5.1.8 ANNUAL GENERAL MEETING
The club shall hold its annual general meeting in November each year, when the committee will be elected and any changes to the constitution and/or subscription rates will be discussed and voted upon. The retiring chairman will report on the year and the treasurer will present the balance sheet. The accounts and the AGM agenda will be published in the magazine one month prior to the meeting. In addition to the AGM an extraordinary general meeting of the club may be called at any time providing that at least ten members make a written request to the chairman giving at least three weeks’ notice.
5.1.9 VOTING
The right of members to vote at/and attend the AGM is subject to them having paid the current year’s subscription. Voting at the AGM will normally take place by show of hands with any tied vote being determined by the chairman's casting vote. Voting rights are extended to include the partner of a member. Members may also vote by post providing that they notify the chairman seven days prior to the meeting.
5.1.10 APPLICATION OF THE RULES
Members should abide by the rules contained in this document; any problems or disputes between members and/or the club should be referred to the Management Committee in writing.
5.1.11 EXPULSION FROM THE CLUB
Should the actions of a member be of such seriousness as to be detrimental, conflict with the interests of the club or bring into disrepute the good name of the club the circumstances will be investigated by a tribunal of Management Committee members (one of whom must be the chairman, unless he/she is personally involved ) and the result of that enquiry will be notified to the member in writing. If in the opinion of the Management Committee, after hearing both sides of the case, expulsion is warranted the member will also be informed of the committee's decision in writing. There will be no right of appeal.

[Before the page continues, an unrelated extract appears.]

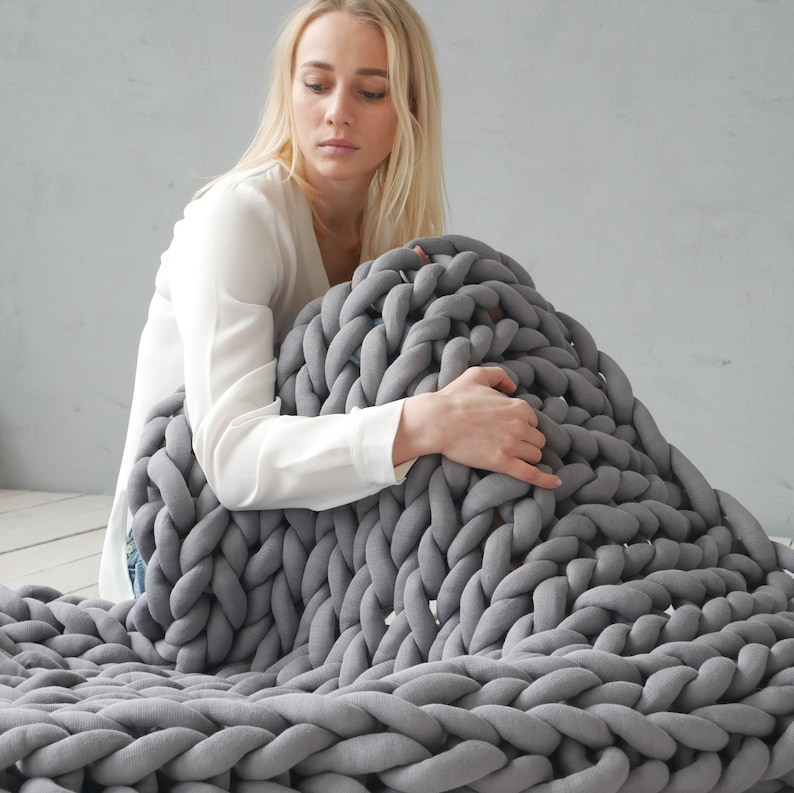 Chunky Knit Blanket Giant Blanket Arm Knit Chunky Blanket Boho Etsy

5.1.12 USE OF THE CLUB NAME
No member may use the club name for the purpose of obtaining a pecuniary advantage. Neither shall the club name be used in any other connection without the express permission of the committee.
5.1.13 WINDING UP
In the event of the club ceasing to operate a minimum of sixty percent of all members entitled to vote may propose that the club and its affairs be wound up. This must be done at an extraordinary general meeting at which the proposal must be made. A vote will be called at that meeting and subject to a majority of those present agreeing the motion the club will cease to operate. in this eventuality all assets of the club are to be sold and the monies from these plus money held by the treasurer in bank accounts etc will be distributed equally to all members whose membership is current within these rules.